======== Supplied data ========

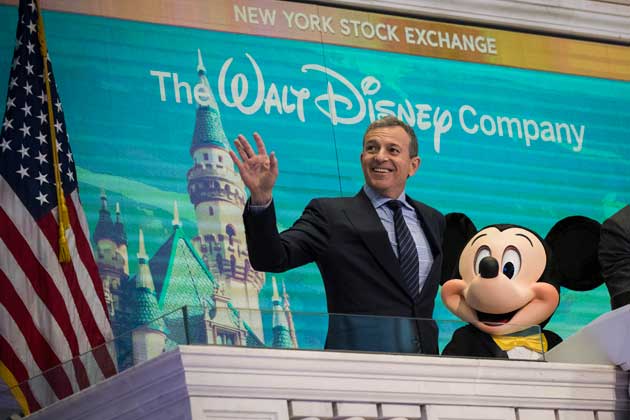Brand value: domina Disney Brand value: domina Disney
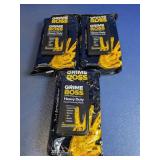 (3)Packs Grime Boss Heavy Duty Hand Wipes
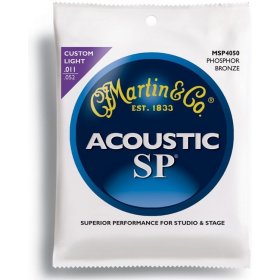 Martin Authentic SP struny pro akustickou kytaru
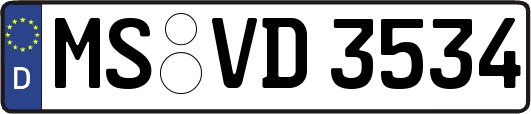 MS-VD3534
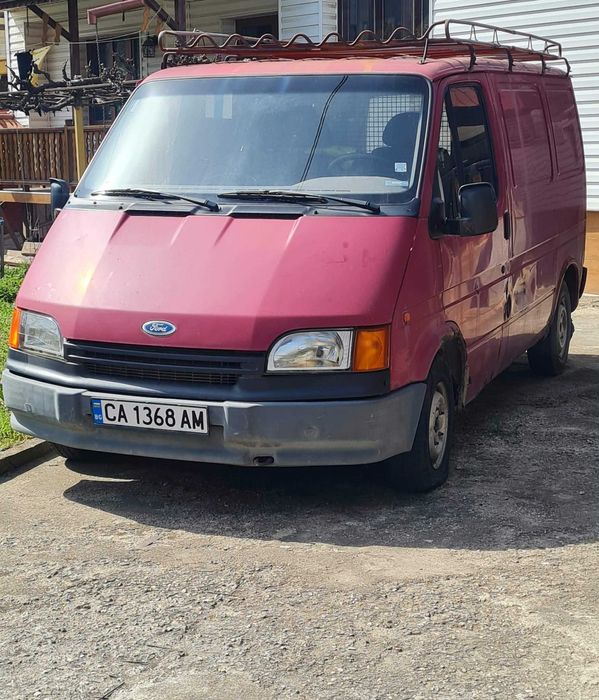 Ford Transit 2.5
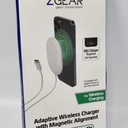 Adaptive Wireless Charger With Magnetic Alignment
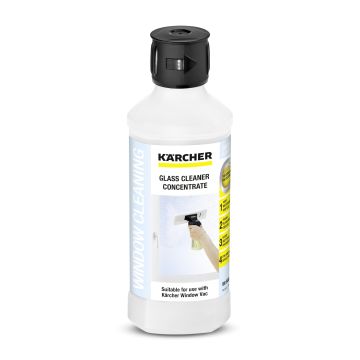 KÄRCHER 62957950, Glass Cleaner Concentrate, 500mm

========

# [Task instructions]
A verbatim copy of the entries, stripped of pictures, should be produced.

# [Your response]
Brand value: domina Disney Brand value: domina Disney
 (3)Packs Grime Boss Heavy Duty Hand Wipes
 Martin Authentic SP struny pro akustickou kytaru
 MS-VD3534
 Ford Transit 2.5
 Adaptive Wireless Charger With Magnetic Alignment
 KÄRCHER 62957950, Glass Cleaner Concentrate, 500mm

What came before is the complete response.